2. The defendant contends that there was no proof of negligence. • The court cannot agree with that contention. The defendant installed the range in the plaintiff’s kitchen and left the house. The next day the explosion occurred. The evidence tended to prove that before the explosion there had been no interference with any of the gas appliances in the house after the employees of the defendant left. That an explosion could not have occurred if the workmen had left all of the appliances in the condition in which they should have been left.

3. The evidence disclosed that the title to the property was in the plaintiff’s wife. The court instructed the jury as follows:

“The fact that the plaintiff was not the owner of the legal title to the house or the home in controversy is of no consequence as affecting his right to recover, and the fact that the title was in his wife’s name rather than his own does not affect his right in this action, and he is entitled to a judgment against the defendant for whatever the evidence shows him to be entitled to.”

*210It is argued that the instruction was erroneous. The evidence tended to show that the property was the homestead of the plaintiff and his wife and that the plaintiff paid all the bills in and about the house and paid for the repairs to the house after the explosion occurred. The homestead is for the benefit óf both the husband and the wife. Either may sue to protect it, either to recover damages to it, or to prevent an invasion of it, if the other should fail or neglect so to do.

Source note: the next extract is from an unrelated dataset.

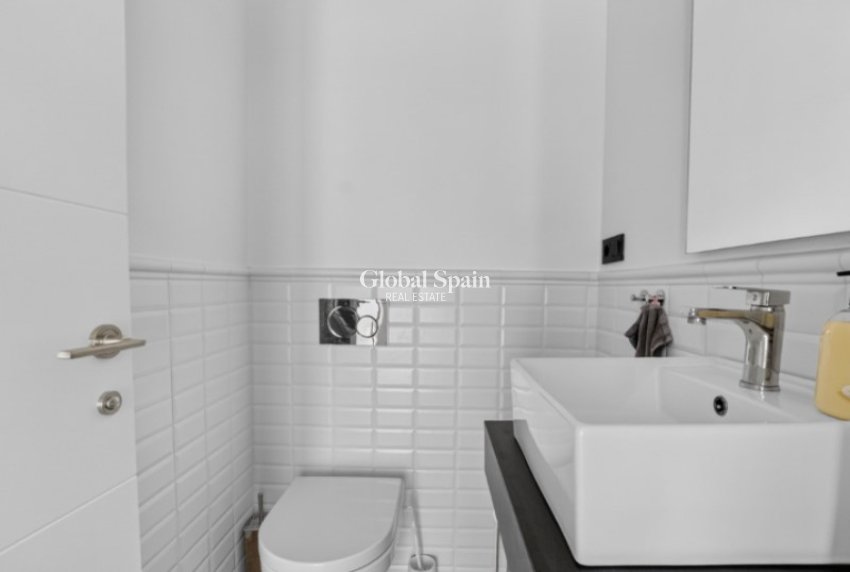 Wiederverkauf - VILLA -
TORREVIEJA - Costa Blanca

In 13 R. C. L. 692 it is said:

“Generally speaking, the head of a family is the proper party to sue for the recovery of a homestead, in the absence of any good reason to the contrary, but it has also been held that the beneficiaries have such an interest in the use and enjoyment of the property as will entitle them to protect it against an illegal invasion.”

In 29 C. J. 983 it is said:

“The person entitled to the homestead, whether the husband, father, or other person as the case may be, as the real party in interest or the representative of the family, is a proper and perhaps a necessary party in proceedings for the enforcement and protection of the homestead, except where a sufficient reason is made to appear why he will not be, or cannot be, made a party to the proceedings. A husband in joint possession with his wife of land belonging to her but used as the family homestead has, as head of the family, such an interest in the land as entitles him to complain of any unlawful interference with it.”

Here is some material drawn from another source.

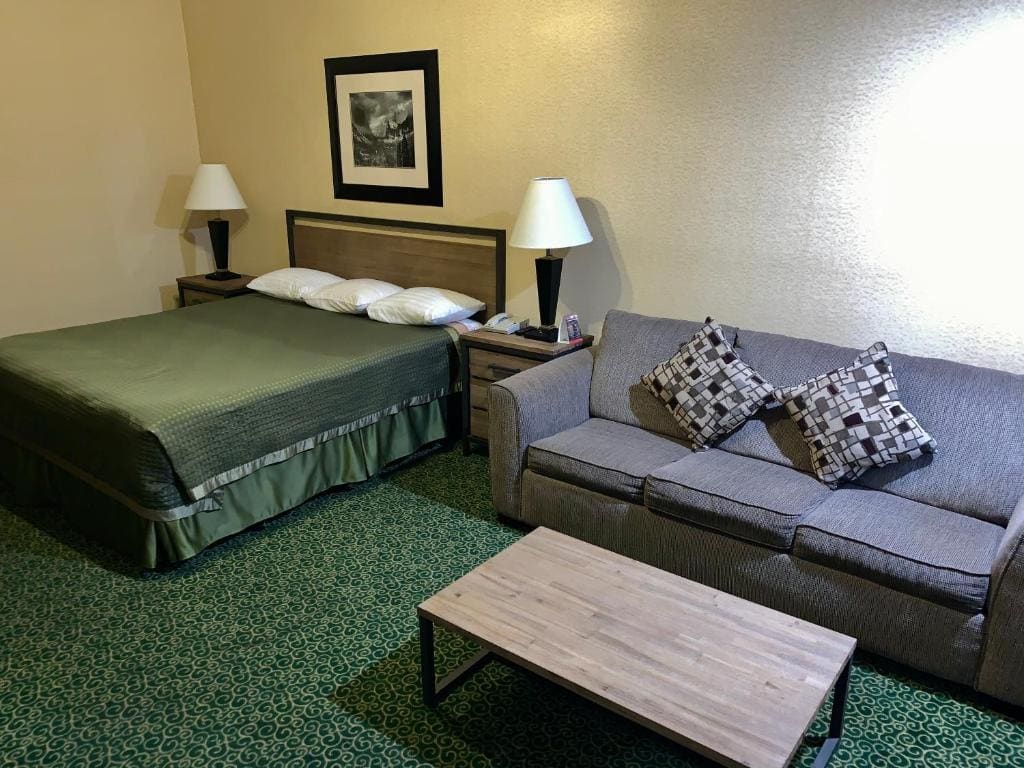 King Room with Balcony room - Image 1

The instruction was not erroneous.

4. When the answers to special questions were returned by the jury, the defendant requested that they be directed to answer definitely whether or not the pilot burner was lighted. The court, in response thereto, said:

“I expect they answered that about as well as the court could answer it under the circumstances and evidence. Under this evidence if this does not mean what it says, it means No.”

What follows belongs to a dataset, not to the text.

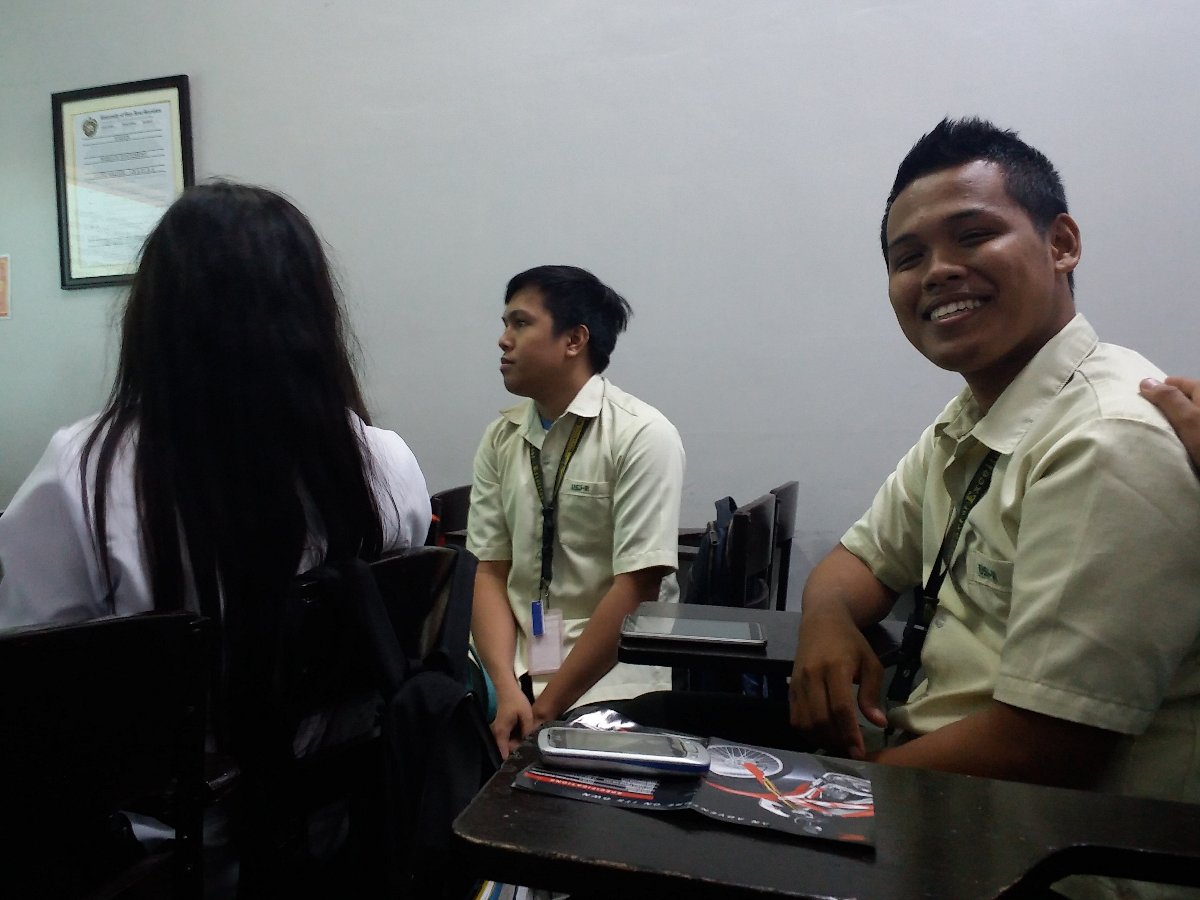 Polsci class, discussion, paul as a subject , q and a about report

The answers were not as specific as they might have been, perhaps not as specific as they could have been under the evidence, but they were specific enough to show on what the jury based its verdict and to show that the defendant had been guilty of negligence. The defendant contends that there was no evidence on which to answer the questions as they were answered. Enough of the evidence has been set out to show that the answers were based on evidence.

The judgment is affirmed.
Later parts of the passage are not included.